For more on this and a Handy Dandy Carbon Tax Temperature Savings Calculator see

Stéphane Couvreur
Jun 2 2015 at 12:35am

Thanks for this discussion. I just recently read Climate casino, by William Nordhaus. Rather than focus on extreme events, he looks at averages to determine the right course of action. One weakness of his approach is that average is not impressive : the impact of global warming on global GDP in the median scenario looks small, something like a 5% loss. When talking about GDP in year 2100, such a small difference is a joke.

So I was more receptive to the approach of Weitzman: let’s reduce the probability of a disastrous event, even though the meaning of “probability” in this context is very fuzzy (single, complex future event).

In terms of solution, both Nordhaus and Weitzman advocate a carbon tax which is generally presented in terms of $ per ton of carbon. I find this unite hard to grasp. Global current emissions being around 10Gt per year, a high carbon tax of $100 per ton would represent $1 trillion, roughly 1:75th (1,33%) of world GDP which struck me as a rather small incentive to move away from fossil fuels. How much would the price of carbon-emitting energy increase, in %? In the same spirit, how large are the current subsidies to carbon? We need these orders of magnitude.

At one point Russ asks whether there can be a sustained, economically efficient, global cooperative effort. Nordhaus cites the examples of sulfur dioxide and CFCs, which were handled using a combination of cap and trade and regulations. No tax? Yet he advocates, like Weitzman, a carbon tax as politically more feasible. One crucial issue is: who gets the proceeds? In the case of sulfur dioxide, the industry went along with the plan because it was granted property rights on its preexisting emissions. But Nordhaus clearly favors a tax in order to increase government spending… Who should get to proceeds? Can the proceeds really be used to reduce other distortionary taxes as Weitzman suggests? This sounds a bit naive.

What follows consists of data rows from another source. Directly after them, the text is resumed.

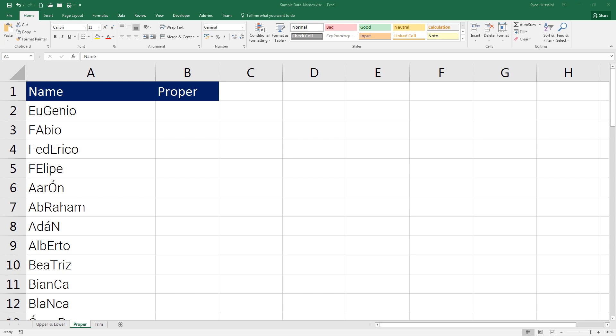This may not happen quite often, but imagine if you come across such data, how would you handle it? How would you normalize it? Excel has this beautiful text function that will do it for you. Let's take a look. In order to follow along with me, do not forget to download this file from the link in the description of this video.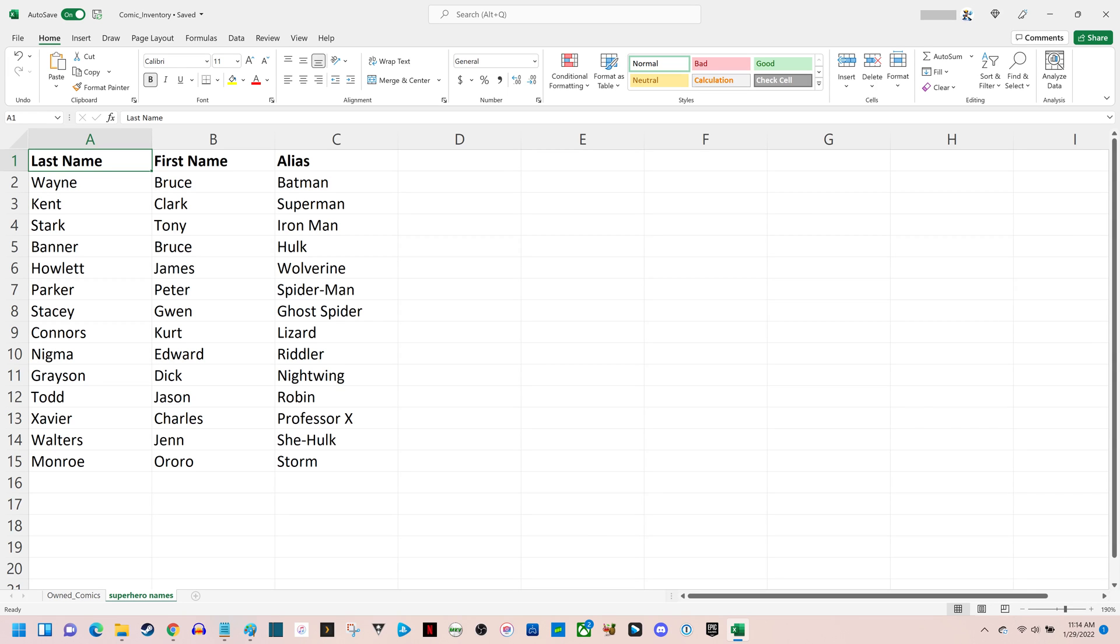Step 1. Open the Microsoft Excel spreadsheet where you want to prevent duplicate entries. As an example, in this spreadsheet I've got a list of superhero names and their associated aliases, and I want to prevent duplicates from being entered in the Alias column.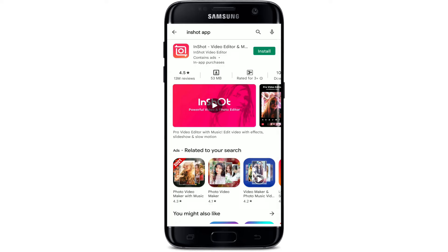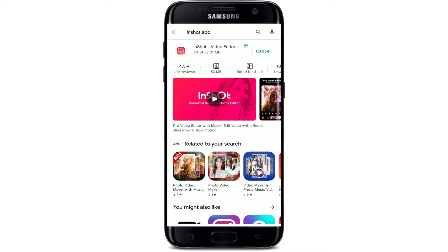You'll be able to see the application popping up at the very top of the screen. On the next page, tap on the install button right next to the app in order to begin your download. Wait until the app gets downloaded on your Android phone and you'll be able to launch the app just fine.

Last point: about nuclear, at the time scale we are discussing, thorium should be part of the discussion. Yet, for the moment, several countries are massively subsidizing a nuclear fusion prototype (ITER), which sounds like a total waste of resources at this stage. Look at Kirk Sorensen and Jean-Christophe de Mestral to learn about molten salt thorium reactors, the so-called “green nuclear energy”.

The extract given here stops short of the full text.